[[ SUPPLIED MATERIAL open ]]

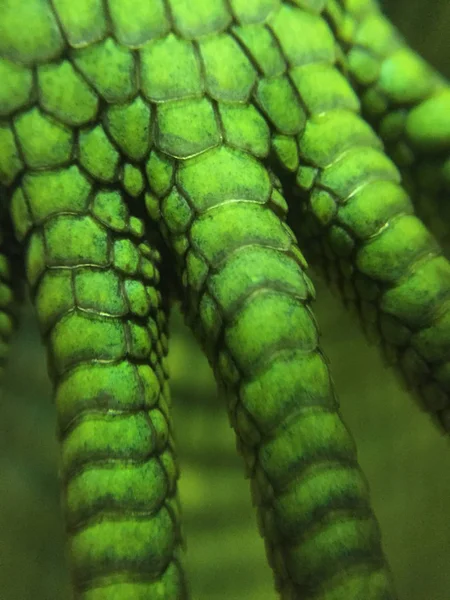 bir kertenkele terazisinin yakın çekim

[[ SUPPLIED MATERIAL closed ]]
[[ SUPPLIED MATERIAL open ]]

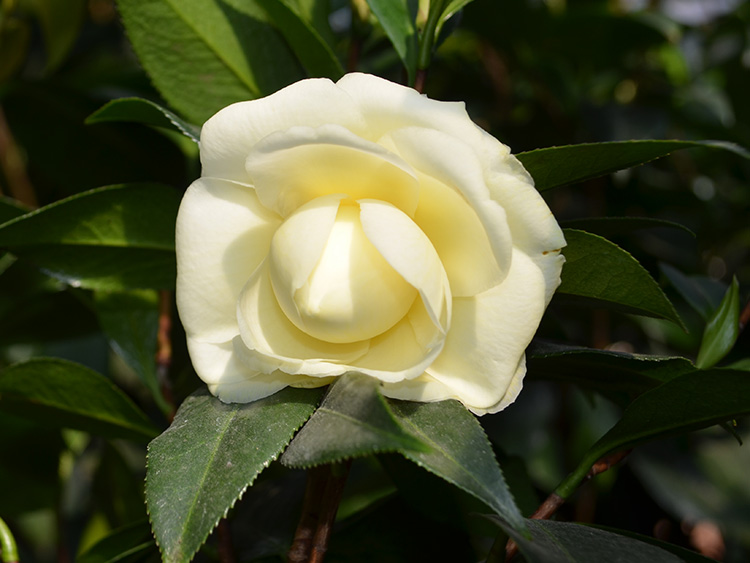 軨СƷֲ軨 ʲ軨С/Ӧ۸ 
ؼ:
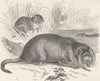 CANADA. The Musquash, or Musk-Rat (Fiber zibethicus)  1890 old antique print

[[ SUPPLIED MATERIAL closed ]]

WORK REQUEST >> Copy only what lies between the line with "軨СƷֲ軨 ʲ軨С/Ӧ۸" and the line with "CANADA. The Musquash, or", those two lines included, exactly as given above; pictures stay out.

THE COMPLETED TASK >>
 軨СƷֲ軨 ʲ軨С/Ӧ۸ 
ؼ:
 CANADA. The Musquash, or Musk-Rat (Fiber zibethicus)  1890 old antique print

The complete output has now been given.